Collected material –
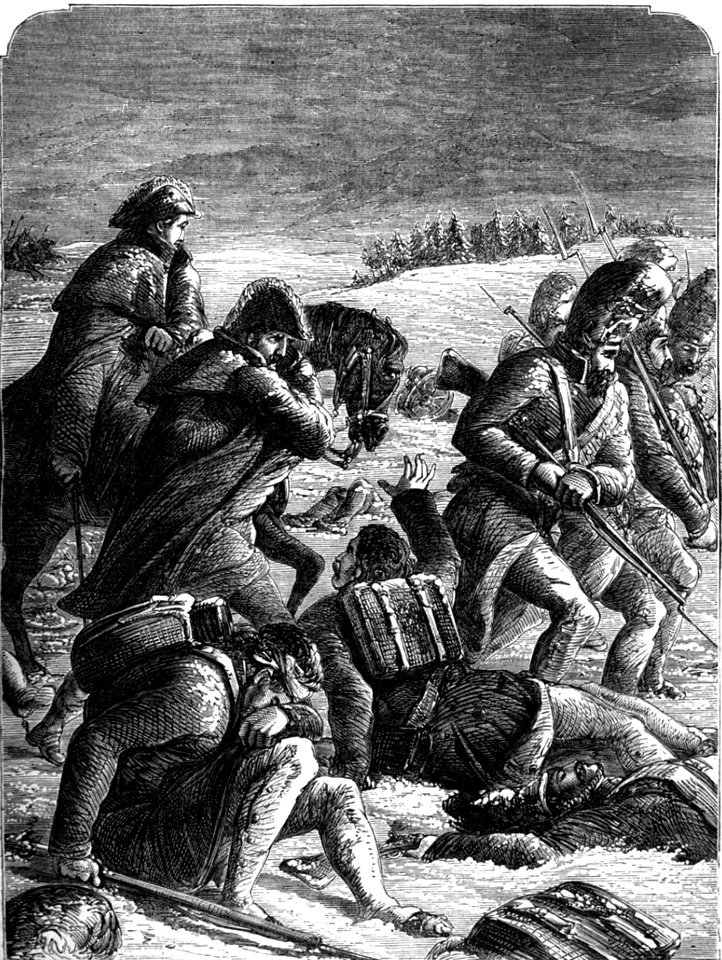 P451 RETURN OF THE FRENCH ARMY FROM MOSCOW. 1812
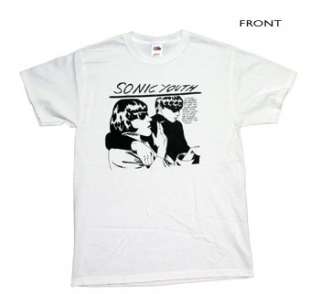 Sonic Youth   White Goo T Shirt  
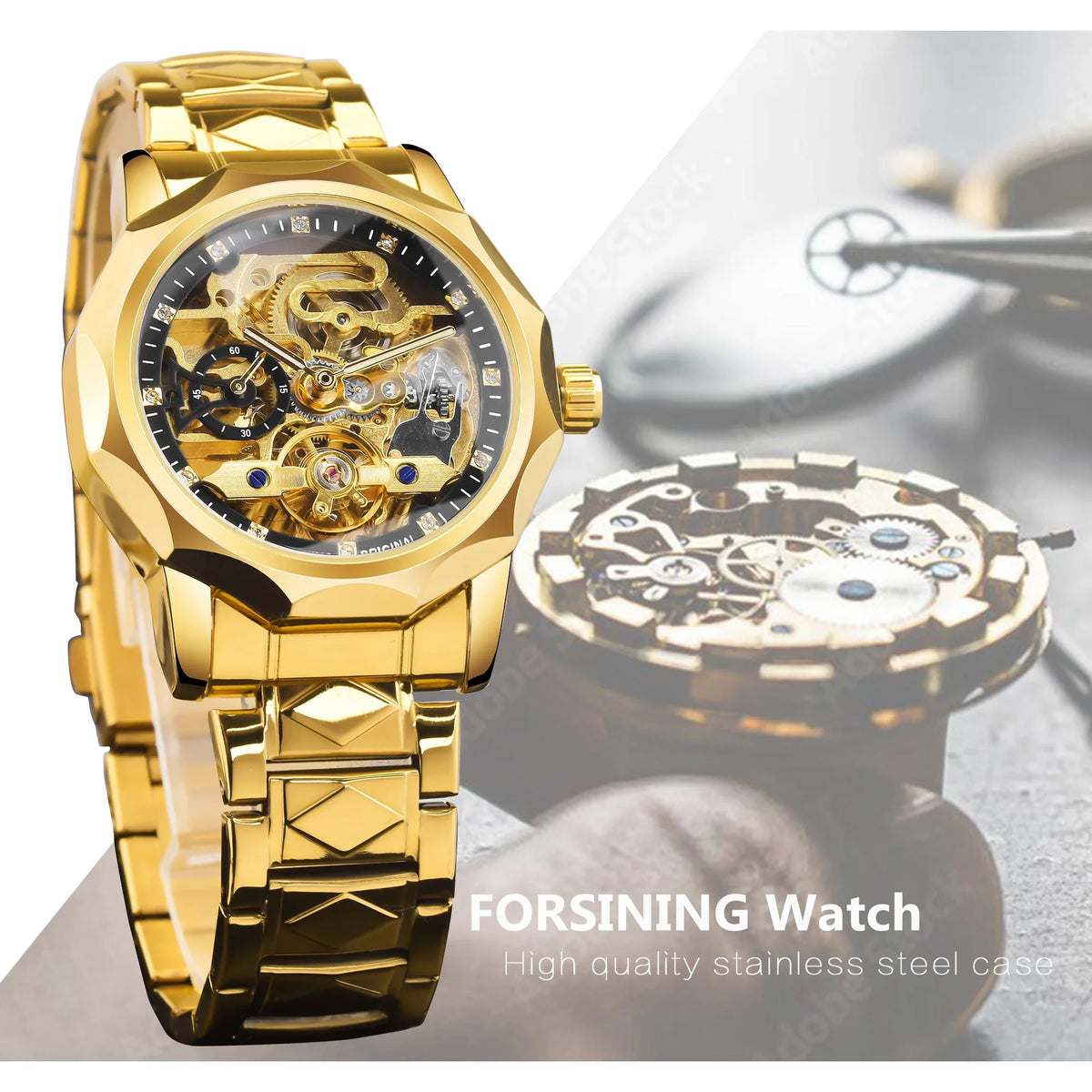 MECHANICAL WATCH Forsining Dial Mens Mechanical Watch Luxury Automatic Watches Outdoor Wristwatch Relogio Masculino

Task prompt – What you produce must match the listing word for word, with no images in it.

Written solution –
 P451 RETURN OF THE FRENCH ARMY FROM MOSCOW. 1812
 Sonic Youth   White Goo T Shirt  
 MECHANICAL WATCH Forsining Dial Mens Mechanical Watch Luxury Automatic Watches Outdoor Wristwatch Relogio Masculino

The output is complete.